The Czech Karel Zeman (1910–1989) is hard to categorize. In some sense, he blazed a trail for the Quay Brothers, whose MoMA exhibition is on view through January 7. Like them, he had experience as a graphic designer; some of his imagery seems to resemble some of theirs; and his animation often makes use of live action and features miniatures and puppetry. Since he worked entirely in Czechoslovakia, it goes without saying that he shared in the Eastern European roots that have so influenced the Quays. There is also, it seems to me, a decided bent toward eccentricity that they share. Zeman worked as the contemporary of the other great puppeteer Jiri Trnka (whose The Song of the Prairie we will also show next week), and both men were named National Artist of Czechoslovakia.

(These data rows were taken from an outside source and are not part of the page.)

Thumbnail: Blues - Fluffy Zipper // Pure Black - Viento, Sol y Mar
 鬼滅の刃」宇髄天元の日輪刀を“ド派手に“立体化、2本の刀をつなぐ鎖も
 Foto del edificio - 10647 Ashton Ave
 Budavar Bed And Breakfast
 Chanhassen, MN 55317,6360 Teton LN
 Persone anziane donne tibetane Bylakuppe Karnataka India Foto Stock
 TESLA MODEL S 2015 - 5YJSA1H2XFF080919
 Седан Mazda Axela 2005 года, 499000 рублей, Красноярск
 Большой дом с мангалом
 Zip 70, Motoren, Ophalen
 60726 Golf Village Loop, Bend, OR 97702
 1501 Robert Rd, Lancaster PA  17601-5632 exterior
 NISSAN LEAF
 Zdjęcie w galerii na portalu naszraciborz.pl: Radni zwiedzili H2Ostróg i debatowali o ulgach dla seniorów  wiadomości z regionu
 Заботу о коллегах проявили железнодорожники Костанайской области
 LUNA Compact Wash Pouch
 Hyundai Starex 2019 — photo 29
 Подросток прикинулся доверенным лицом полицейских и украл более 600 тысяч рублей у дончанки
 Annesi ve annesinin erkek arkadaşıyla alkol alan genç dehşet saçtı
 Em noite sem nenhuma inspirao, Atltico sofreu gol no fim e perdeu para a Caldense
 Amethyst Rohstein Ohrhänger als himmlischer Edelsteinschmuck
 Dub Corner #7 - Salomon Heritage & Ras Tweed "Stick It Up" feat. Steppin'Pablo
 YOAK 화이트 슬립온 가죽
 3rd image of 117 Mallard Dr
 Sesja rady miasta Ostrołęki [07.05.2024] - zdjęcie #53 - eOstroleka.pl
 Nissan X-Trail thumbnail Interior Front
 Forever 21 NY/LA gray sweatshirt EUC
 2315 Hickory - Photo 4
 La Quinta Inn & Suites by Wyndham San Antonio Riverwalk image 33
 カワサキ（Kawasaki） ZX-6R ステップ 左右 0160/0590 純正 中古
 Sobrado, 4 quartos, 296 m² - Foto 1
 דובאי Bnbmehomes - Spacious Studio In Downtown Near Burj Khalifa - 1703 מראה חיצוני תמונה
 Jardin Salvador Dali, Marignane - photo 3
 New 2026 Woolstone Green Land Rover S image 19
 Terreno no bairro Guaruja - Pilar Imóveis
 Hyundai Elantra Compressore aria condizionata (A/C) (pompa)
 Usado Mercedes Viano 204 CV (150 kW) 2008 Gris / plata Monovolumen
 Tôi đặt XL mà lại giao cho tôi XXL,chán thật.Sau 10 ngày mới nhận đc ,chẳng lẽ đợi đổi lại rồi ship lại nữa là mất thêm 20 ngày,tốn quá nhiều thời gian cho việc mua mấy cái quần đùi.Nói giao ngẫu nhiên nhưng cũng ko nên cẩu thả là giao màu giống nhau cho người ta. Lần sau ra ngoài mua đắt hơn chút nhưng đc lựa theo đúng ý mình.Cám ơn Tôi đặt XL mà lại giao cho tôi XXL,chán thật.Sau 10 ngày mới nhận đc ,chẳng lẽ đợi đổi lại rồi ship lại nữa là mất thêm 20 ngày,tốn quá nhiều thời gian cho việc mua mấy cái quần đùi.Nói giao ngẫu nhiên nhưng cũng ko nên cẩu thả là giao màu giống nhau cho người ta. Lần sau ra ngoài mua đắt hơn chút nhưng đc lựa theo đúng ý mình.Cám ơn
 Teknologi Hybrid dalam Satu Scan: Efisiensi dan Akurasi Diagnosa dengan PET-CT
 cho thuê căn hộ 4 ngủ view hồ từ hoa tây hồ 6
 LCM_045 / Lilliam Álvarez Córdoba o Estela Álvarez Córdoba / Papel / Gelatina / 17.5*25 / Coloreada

Dozens of films were made from the works of Jules Verne (1828–1905), beginning with Georges Méliès’s A Trip to the Moon, arguably the most famous title in the history of cinema. The Fabulous World of Jules Verne (An Invention for Destruction) came close on the heels of a Verne and science-fiction revival, fueled by Mike Todd’s Around the World in Eighty Days and Sputnik, which set off the real-life race to the Moon. Face au Drapeau (Facing the Flag) was pretty obscure as Verne novels go, but, like so much else, he seemed to have anticipated the era of nuclear weapons.
Zeman’s film combined live action, animated drawings, and lithographs, all packaged under the process of “Mystimation,” a term compliments of Joseph E. Levine. The overall look of the film was intended to replicate the illustrations in the original edition of the 1896 novel, and it also seems to pay homage to Verne’s first great cinematic adapter, Méliès. Zeman uses two-dimensional backdrop sets like Méliès, and although the plot aspires to scientific authenticity (the search for heavy water and pure matter), there is an undeniably poetic fairy-tale quality to it (camels on roller skates, underwater bicycles, etc.). In a sense, the scientific element focused on the evil under-belly of science, informed by the hindsight of Hiroshima. There are influences from Fritz Lang’s Metropolis and less-familiar works like Stuart Paton’s 1916 20,000 Leagues Under the Sea, which brought to Captain Nemo’s screen debut the services of an expensive giant octopus and the pioneering underwater cinematography of the Williamson Brothers (George M. and J. Ernest). However, the net effect of Zeman’s film was a bubbling over (gurgling over?) of unprecedented imagination.
Zeman was to follow up in a similar style with an adaptation of Baron Munchausen, Gottfried Burger’s fantasy tales that provided fodder for a number of films, including a Nazi-era color spectacle from Germany that Goebbels produced to mark the 25th anniversary of the UFA studio and Terry Gilliam’s Adventures of Baron Munchausen in 1989. Zeman also made a number of other Verne adaptations and a series of films on Sinbad the sailor, in direct competition with the American Ray Harryhausen, the inventor of Dynamation, whose innovations had a direct effect on George Lucas.